How can readers possibly believe this when there was really no context—no scenes of them interacting beyond angsty frustration? But then again, what are “scenes of two people falling in love”?

Then there’s Nicholas Sparks. I’ve only read two of his novels, one of which is “The Lucky One”. As far as showing the development of love, Sparks soared over Meyers. Logan has already begun falling before he even meets Beth, since he credits her photo to saving his life while at war. To me, this is a believable reason to be drawn to someone, and if said person is attractive, love could easily be around the corner.

But the reader gets more interaction between Beth and Logan, like every-day mundane conversations, which never really feel mundane when you’re attracted to someone. Logan sees Beth often while he works at the dog kennel, and he sees her in her natural environment, working as a mother and a dutiful daughter to her mother. He’s seeing her life. Again, the reader then infers that what he’s doing at the same time is falling in love with her.

So writers, how do you show two people falling in love? Do you describe multiple dates? Do you jump into the characters’ heads and tell the reader that they’re falling in love? Do you show it physically?

Here’s another example. I recently read the “Fifty Shades of Grey” series. Since it started out as Twilight fanfiction, there are many similarities, one of which is the implied love. The most you get is Ana’s reaction every time she sees Christian, but because it’s first person, you never really know what Christian is thinking, only what Ana assumes. They go on a couple dates that really act more as business negotiations, and before you know it, Ana is head over heels with “her fifty.” And as a reader, I assumed Christian felt the same way about Ana, even if he didn’t say it. I assumed because he was sticking around. He wasn’t off with other women. He was always where Ana wanted him to be. Is this literary love?

How other authors showed love:

Jodi Picoult “Keeping Faith”:
Mom falls in love with the t.v. host. I know this because she lets him see aspects of her life no one else gets to witness, she trusts him around her child, and she confides in him. He loves her because he sacrifices aspects of his career to protect her, trusts her with his own guarded secrets, and goes out of his way to help her win custody of her child.

Stephanie Kallos “Broken for You”:
The main character is almost constantly mentally disheveled. The man walks her to her car every night, in routine. He gives her “looks” she misinterprets. He takes care of her after a car accident, waits idly by while she figures out what she wants, and he builds her a damn elevator!

Sara Gruen “Water for Elephants” (Easily in my top 3 most-beloved novels):
Jacob is instantly attracted to Marlena (a factor to falling in love). He’s captivated by her performances and lusts after her—until he sees August’s (Marlena’s husband) violent streak—then it all changes.

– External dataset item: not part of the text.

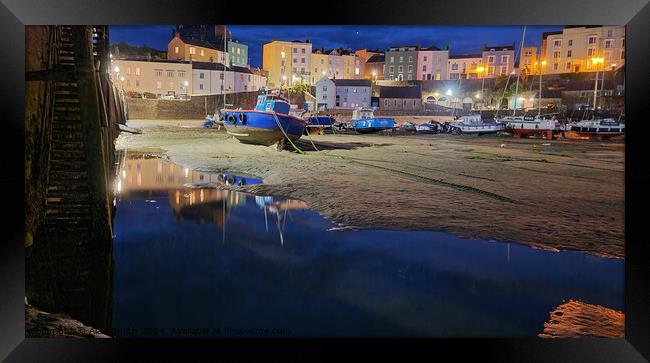 Tenby Harbour Framed Print by Alan Smith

He does everything he can to protect her, putting his own life at risk, congruently, he does the same for Rosie the elephant. Consequently, Marlena sees Jacob’s loving behavior toward the elephant, and she sees all the qualities that August lacks: compassion, love, and understanding.

What do you want to show your readers? If the love story is at the heart of your novel, how do you want to convey it? Depending on the POV, you can let the characters’ reactions to each other tell the reader. You can simply say, “They’re inexplicably drawn to each other.” You can show them going on multiple dates and slowly getting to know each other.

Ultimately, what’s amazing with novels is that readers don’t need a lot of handholding. When they interpret a story, it’s usually spot on with the author’s message. If it’s supposed to be a love story, the reader will know that, and they’ll read into every look and sexually frustrating moment in a way that will progress the characters forward without you having to say “and now they’re in love.”

Fiction is just that—fiction. Readers are more easily willing to believe that two people are meant to be based on one scene than they would be in their usually skeptical lives.  But as the author, show the reader respect by giving her some context, something to point to and say “Why yes, I would fall in love if someone did that/was that way for me, too.”